В таких благоприятных условиях, взлелеянные и обеспеченные, некоторые из писателей папской курии пользуются репутацией людей компанейских и с хорошим вкусом. Они устраивают собрания, разного рода состязания в красноречии в виде игр, конкурсов и диалогов, которые иногда облекаются в письменную форму, публикуются, вызывая всеобщее восхищение.
Так, Бальдассаре Кастильоне (1478–1529) сначала был блестящим капитаном и тонким дипломатом, артистом и писателем, послом Гонзага в Мантуе, а затем представителем Монтефельтре Урбинских в Англии, Милане и, наконец, Риме, где он настолько пришелся ко двору, что прочно обосновался там (1505). Приняв сан священника, он служил нунцием папы Климента VII Медичи в Испании.

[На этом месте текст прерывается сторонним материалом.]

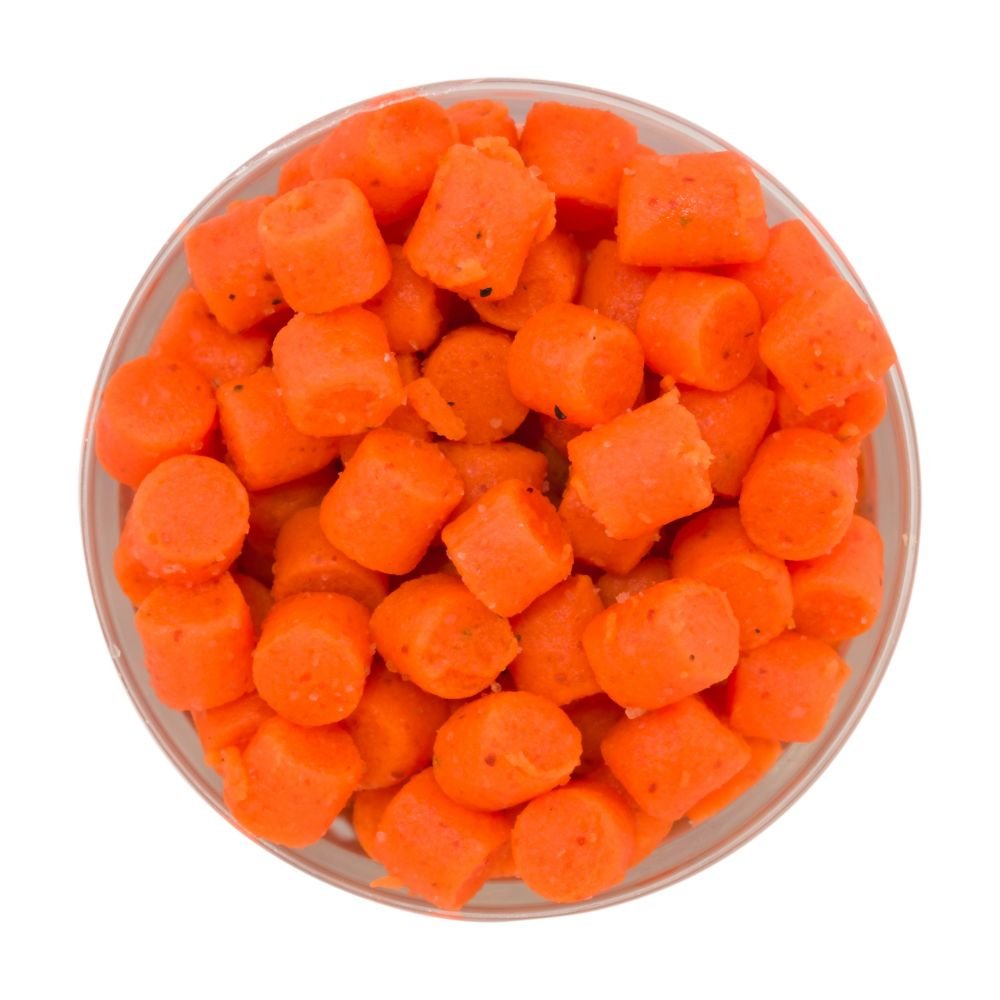 Berkley 1423720 Power Bait Crappie Nibbles, Fluorescent Orange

Друг Рафаэля, написавшего его портрет, автор знаменитого трактата «Совершенный придворный», он пишет множество «Диалогов» и неустанно поет дифирамбы своим «дорогим и милым друзьям».
Так, Бьяджо Паллаи, называемый Палладио, обрел известность главным образом благодаря своей элегии на смерть собачки Изабеллы д’Эсте. Он поселился в собственном доме на берегу реки, стал начальником школы.
Так могло ли литератору не понравиться в Риме? Именно Рим был центром ученого мира, настоящей столицей литературы и науки. «Каждый раз, когда думаю о Риме, я не могу не вздыхать о нем, об этом городе, где царит свобода… где можно приятно провести время в общении с умными и образованными людьми». Или еще: «Если бы меня насильно не оторвали вдруг от Рима, я никогда не смог бы решиться его покинуть. Здесь спокойно и свободно; я хожу в богатые библиотеки, завожу приятные знакомства со многими образованными людьми и литераторами; здесь радуют глаз старинные памятники культуры. Я имел честь водить знакомство с известными прелатами. В общем, я почел бы за великое счастье вновь оказаться в Риме». Так писал Эразм Роттердамский, находясь в Лондоне… А Изабелла д’Эсте написала из Феррары своим друзьям-поэтам: «Мое тело здесь, но душою я остаюсь в Риме».{127}
Глава VI
РИМ — МЕСТО ВСТРЕЧИ ЛЮДЕЙ ИСКУССТВА
Мы так охотно говорим о Ренессансе, так часто употребляем это слово и так много под ним подразумеваем, но осознаем ли мы его подлинный смысл? Что оно значит для нас? Огромное уважение к античности? Интерес к человеку и его прошлому? Те процессы, которые мы называем словом «возрождение», начались уже давно, задолго до итальянского Раннего Возрождения (Кватроченто), и происходили в каждой стране по-своему, не без разрывов в хронологии, а также не без определенных нюансов, отклонений и даже возвращения назад. Это движение, как и все те, которые отличают цивилизацию, совершенно не подпадает под какое-либо упрощенное определение, поэтому лучше воочию увидеть реальность, скрывающуюся за завораживающими и красивыми словами.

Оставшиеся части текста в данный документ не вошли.